The world is my school
I call myself the student of life because I love learning. I love how travelling for a year means I am learning every single day. For example, I’ve wanted to improve my Mandarin, and now that I am in Taiwan, I have practical Mandarin lessons on a daily basis! Every person I meet is a potential Mandarin teacher, and I try to learn from the people I meet. When I am in the MRT, I read the characters, read the pinyin to help with the pronunciation, and use the recorded announcements to adjust my tone. Way more fun than the traditional classroom setting.
Travelling creates such a universal perspective of the world
Seeing new things and talking to different people has dramatically expanded my frame of reference.
I love long flights and long bus rides
It means I get to catch up on podcasts and movies… a downtime I haven’t had the chance to experience in the last few months.
“I can’t believe you’re halfway around the world and you have to worry about taxes” – Friend
Yeah, I can’t believe it either. They don’t lie when they say the two sure things in life are death and taxes.
The more I travel, the more I realize how lucky I am to have the type of passport that I have
Ever so grateful for being born in Canada. I never realized how much I took my Canadian passport for granted until this year.
It’s hitting me how we pay an arm and a leg for data in Canada
We’ve been pretty spoiled with our cheap data plans while travelling overseas.
I cleared my history on my web browser, which was a huge mistake
I ended up not being able to log into my PayPal account without having them send me a verification code through SMS. The only problem is that my Canadian phone number is not in service! Ugh. Let this be a lesson for you future travellers… or maybe bring your SIM card in case you need to log into a website that only offers verification via SMS.
Health is wealth
I’m relatively healthy and never experienced any significant pain with my back.

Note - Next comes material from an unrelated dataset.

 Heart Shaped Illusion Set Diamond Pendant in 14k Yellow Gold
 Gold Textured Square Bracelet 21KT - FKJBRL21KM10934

That all changed one day when I woke up to extreme back pain. It was so painful that I could barely move out of bed. The last time I had this kind of back pain was self induced (playing bubble soccer with really aggressive guys who would send you flying in an instant). For a moment, I was scared that this back pain will not go away. Luckily, it did the next day, but the pain was scarring and it made me think about how my health is way more important than being rich.
Photography progress for month ten as a modern nomad
I don’t have any progress this month except I am trying new things – i.e., shooting reflections, learning to shoot with a TON OF OTHER TOURISTS, and my first product shoot haha.
Not spending enough time framing photos is an area of improvement
I spend most of my time waiting for people to get out of my shot and then rushing to continue with our day.
Started experimenting with reflections
That was fun. For once, I know what I’m doing! Now, if only I can improve the photo editing…
Did a “photoshoot” with… KIT KAT!
I’m not very good at photographing product, so this was a fun new challenge for me. Of course, I felt that I needed to eat one bar of each flavour to have a fair comparison of the taste.
I gave up after the sixth bar. There is such a thing as too much Lit Kat, even for this dessert monster.
What’s next for month eleven of the modern nomad life
We will still be in Taiwan exploring the southern part of the island. I’ll also try to catch up on my blogging and share more travel stories (time to blog my brains out!). If you are following my stories about nomad life, you’ll realize that my stories are only up to month two of our travels.